Raw data —
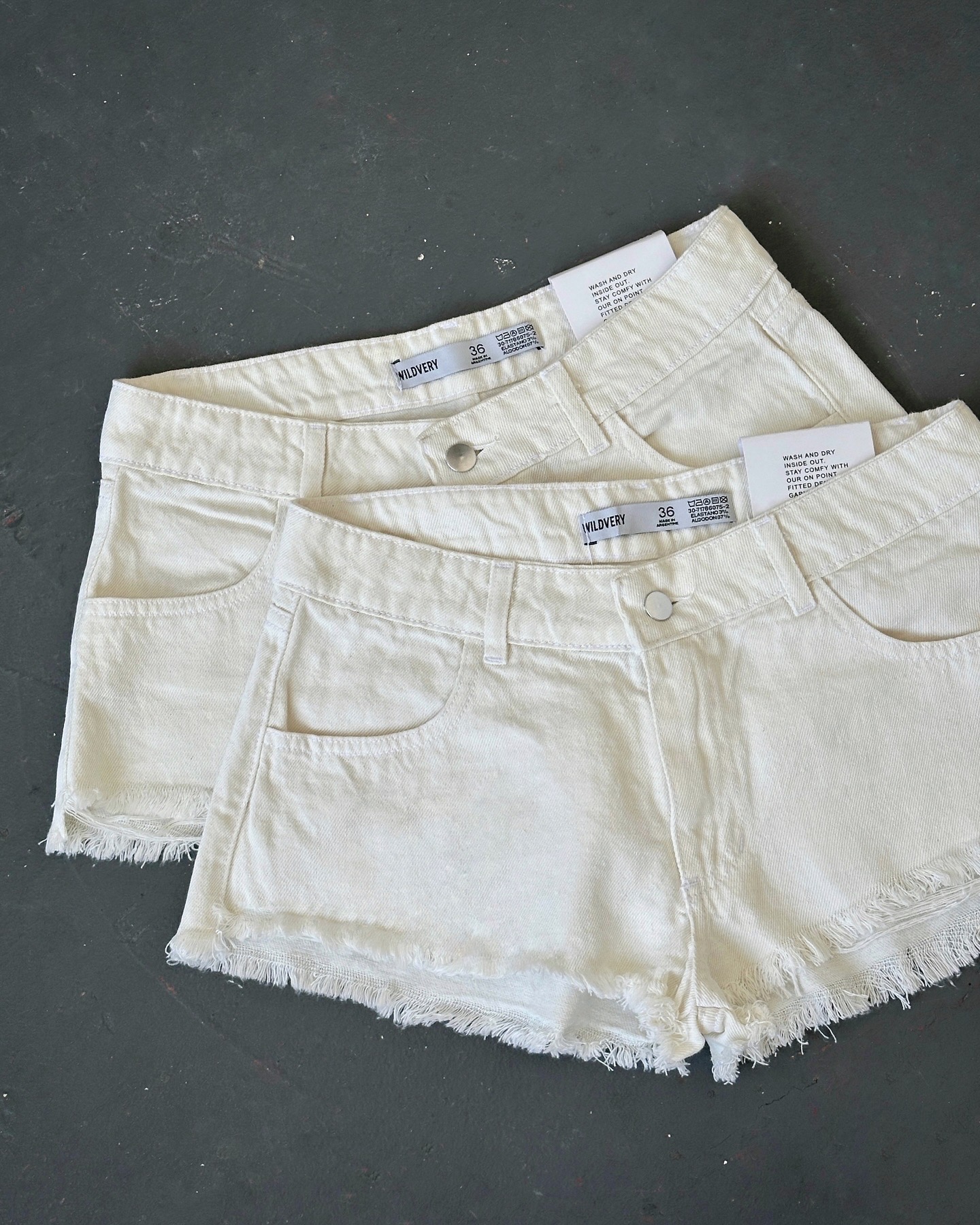 SHORT T. BAJO CREMA #POLA.08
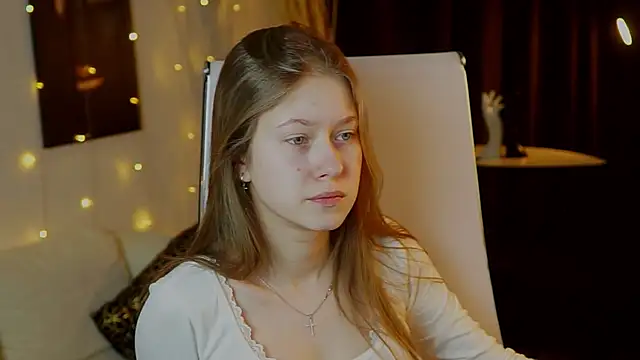 Snapshot of EveMundie chatting on 3, 2, 2026 EveMundie online show from 3, 2, 2026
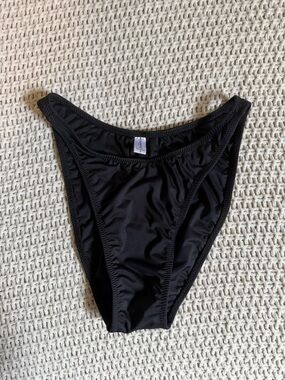 heavy manners full bottom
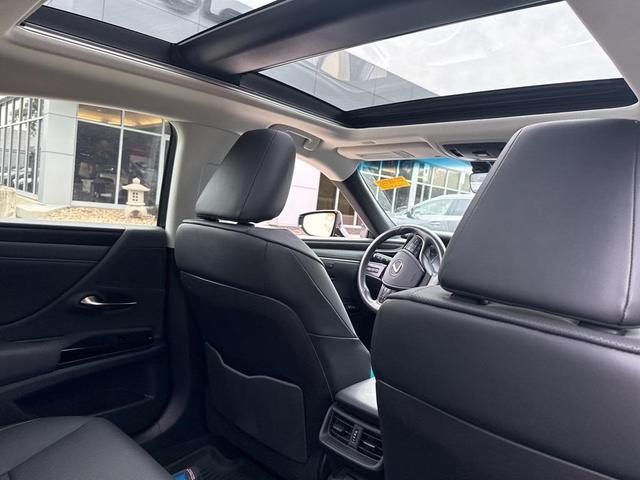 Photo of 2024 Cloudburst Gray Lexus ES 350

Description of the task — Using the material above, restate word for word the lines from the line that has "Snapshot of EveMundie" to the last line, inclusive, with pictures omitted.

Solution for this task —
 Snapshot of EveMundie chatting on 3, 2, 2026 EveMundie online show from 3, 2, 2026
 heavy manners full bottom
 Photo of 2024 Cloudburst Gray Lexus ES 350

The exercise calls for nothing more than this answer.